Hey, I'm new to rust and may be doing something wrong, but I'm getting worse performance in rust that in python. I'm using mac with m1 pro.
Rust version:

init: 138.47ms
passage_embed: 579.84ms
query_embed: 147.26ms

Python version:

init: 106.26ms
passage_embed: 31.68ms
query_embed: 2.82ms

Here is my scripts:

use fastembed::{EmbeddingBase, EmbeddingModel, FlagEmbedding, InitOptions};
use std::time::Instant;

fn main() -> Result<(), Box<dyn std::error::Error>> {
    let now = Instant::now();

    // With custom InitOptions
    let model: FlagEmbedding = FlagEmbedding::try_new(InitOptions {
        model_name: EmbeddingModel::BGESmallEN,
        show_download_message: true,
        max_length: 512,
        ..Default::default()
    })?;

    let elapsed = now.elapsed();
    println!("init: {:.2?}", elapsed);

    let now = Instant::now();
    let documents = vec![
        "Maharana Pratap was a Rajput warrior king from Mewar",
        "He fought against the Mughal Empire led by Akbar",
        "The Battle of Haldighati in 1576 was his most famous battle",
        "He refused to submit to Akbar and continued guerrilla warfare",
        "His capital was Chittorgarh, which he lost to the Mughals",
        "He died in 1597 at the age of 57",
        "Maharana Pratap is considered a symbol of Rajput resistance against foreign rule",
        "His legacy is celebrated in Rajasthan through festivals and monuments",
        "He had 11 wives and 17 sons, including Amar Singh I who succeeded him as ruler of Mewar",
        "His life has been depicted in various films, TV shows, and books",
    ];
    let embeddings = model.passage_embed(documents, Some(1))?;
    let elapsed = now.elapsed();
    println!("passage_embed: {:.2?}", elapsed);

    let now = Instant::now();
    let query = "Who was Maharana Pratap?";
    let query_embed = model.query_embed(query)?; 
    let elapsed = now.elapsed();
    println!("query_embed: {:.2?}", elapsed);

    Ok(())
}
from typing import List
import numpy as np
from fastembed.embedding import FlagEmbedding as Embedding
import time

t1=time.time()
embedding_model = Embedding(model_name="BAAI/bge-small-en", max_length=512)
print(f'init: {(time.time()-t1)*1000:.02f}ms')

t1=time.time()
documents: List[str] = [
    "Maharana Pratap was a Rajput warrior king from Mewar",
    "He fought against the Mughal Empire led by Akbar",
    "The Battle of Haldighati in 1576 was his most famous battle",
    "He refused to submit to Akbar and continued guerrilla warfare",
    "His capital was Chittorgarh, which he lost to the Mughals",
    "He died in 1597 at the age of 57",
    "Maharana Pratap is considered a symbol of Rajput resistance against foreign rule",
    "His legacy is celebrated in Rajasthan through festivals and monuments",
    "He had 11 wives and 17 sons, including Amar Singh I who succeeded him as ruler of Mewar",
    "His life has been depicted in various films, TV shows, and books",
]

embeddings: List[np.ndarray] = list(
    embedding_model.passage_embed(documents)
)  # notice that we are casting the generator to a list
print(f'passage_embed: {(time.time()-t1)*1000:.02f}ms')

t1=time.time()
query = "Who was Maharana Pratap?"
query_embedding = list(embedding_model.query_embed(query))[0]
print(f'query_embed: {(time.time()-t1)*1000:.02f}ms')

Hai.

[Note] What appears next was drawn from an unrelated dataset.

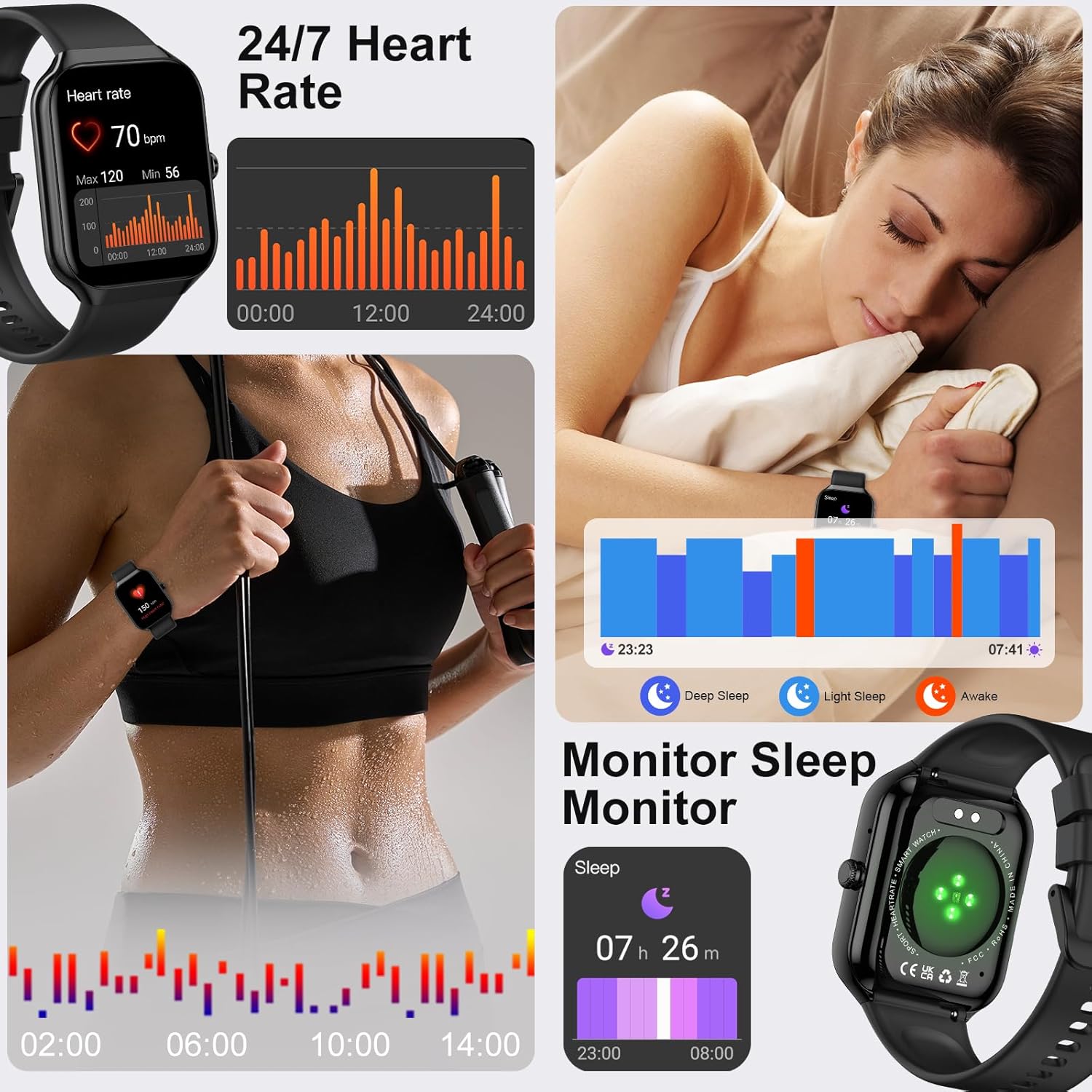 Smart Watch, 1.96" HD Smartwatch for Men Women (Answer/Make Call), 2026 Fitness Activity with Heart Rate/Sleep Monitor/Pedometer, IP68 Waterproof, 113+ Sport Modes Running Watch for Android iOS - Image 6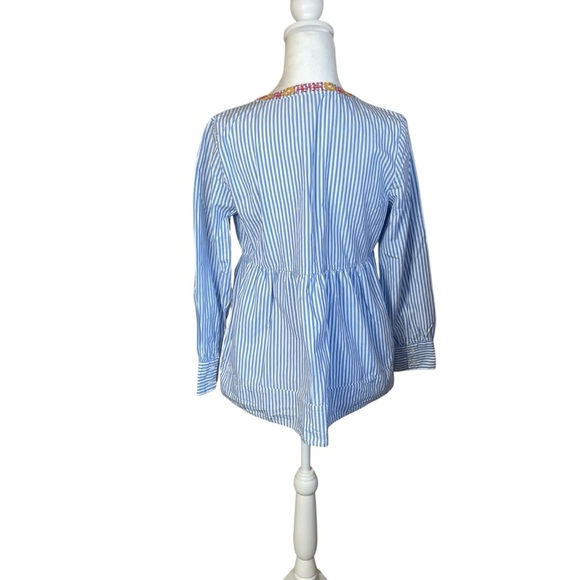 Crown & Ivy Blue White Stripe Embroidered Peplum Top Petite Medium Boho Peasant - Picture 4 of 11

Can your try by running your Rust program in release mode if you aren't already?

Also, 2.8 ms seems inaccurate.

Thanks for a quick reply
This is with --release.

init: 106.64ms
passage_embed: 557.83ms
query_embed: 126.10ms

I've also checked python code, and 3ms seems to be correct. There is no cuda, so the code should be synchronous.

Also, from htop it seems like rust version is using considerably more cpu.

This is definitely unexpected. Maybe we can try profiling the code to see what parts are taking time.
Also, moving to ort v2.

@Daniel-Kelvich could you try for larger list of documents. That is *1000.
Rayon should perform significantly better in that case.

If the results improve, we can infer that we'll have to use Rayon only for larger data and native iterations for smaller ones because of the time Rayon takes to provision workers.

I've tried 1000 sentences, and it took 50sec. Seems to be scaling linearly.
I'll try the same code on linux machine.

Linux inference took even longer, but the processor is weaker than m1 pro.

Thanks @Daniel-Kelvich for raising this issue.
I'll try to look into it when I find time.

I've begun migrating the code to the new version of ORT.

Resolved in 7e0526a.